[Records supplied — start]

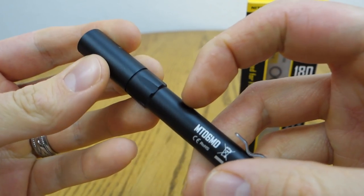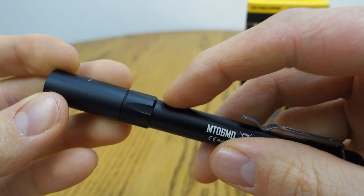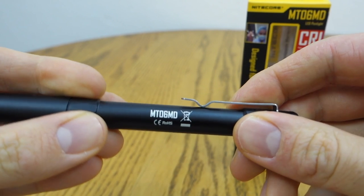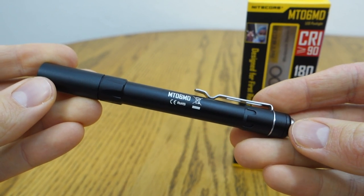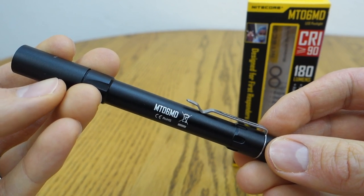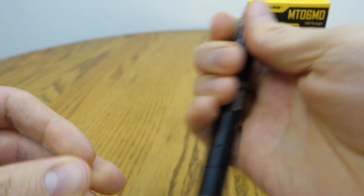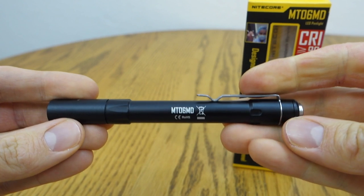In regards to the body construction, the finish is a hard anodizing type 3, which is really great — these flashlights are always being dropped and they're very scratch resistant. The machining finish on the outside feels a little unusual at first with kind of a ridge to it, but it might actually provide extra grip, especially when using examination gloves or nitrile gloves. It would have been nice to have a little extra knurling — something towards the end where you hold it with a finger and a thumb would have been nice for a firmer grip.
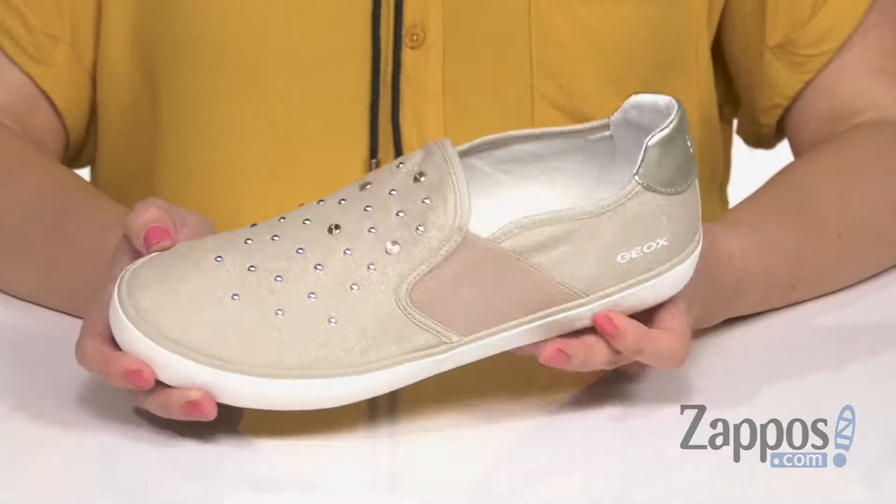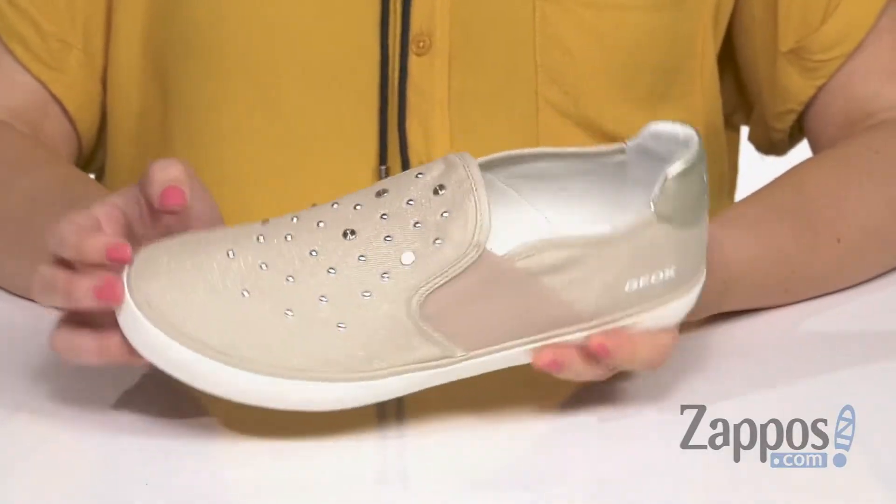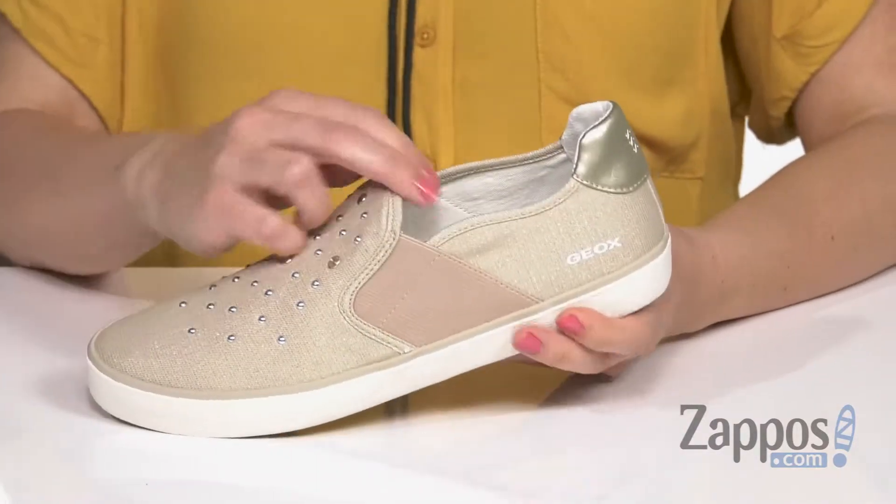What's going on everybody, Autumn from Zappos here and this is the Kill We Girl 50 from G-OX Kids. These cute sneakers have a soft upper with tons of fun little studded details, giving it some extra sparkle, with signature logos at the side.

[Records supplied — finish]
[Records supplied — start]

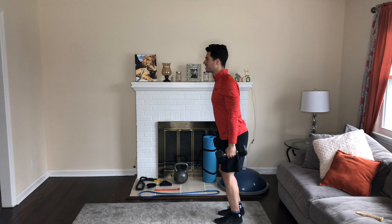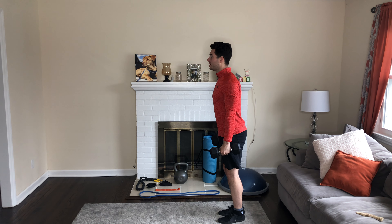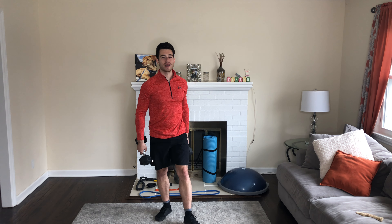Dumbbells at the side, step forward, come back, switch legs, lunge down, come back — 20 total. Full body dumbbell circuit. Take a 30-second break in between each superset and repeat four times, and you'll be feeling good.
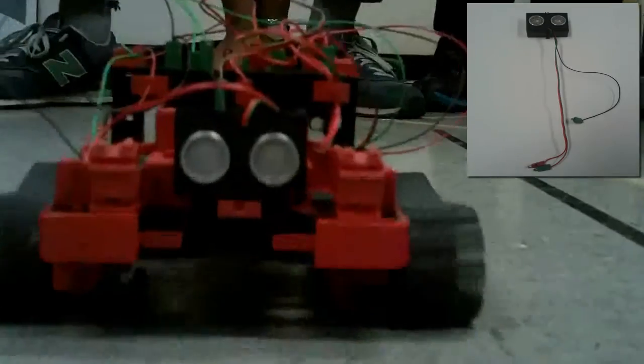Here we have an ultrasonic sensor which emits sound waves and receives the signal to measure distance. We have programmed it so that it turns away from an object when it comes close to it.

[Records supplied — finish]

» Work order
When you reach the line with "Dumbbells at the" in the records above, begin repeating the lines exactly, and stop after the line with "Here we have". Skip all pictures.

» Completed task
Dumbbells at the side, step forward, come back, switch legs, lunge down, come back — 20 total. Full body dumbbell circuit. Take a 30-second break in between each superset and repeat four times, and you'll be feeling good.
Here we have an ultrasonic sensor which emits sound waves and receives the signal to measure distance. We have programmed it so that it turns away from an object when it comes close to it.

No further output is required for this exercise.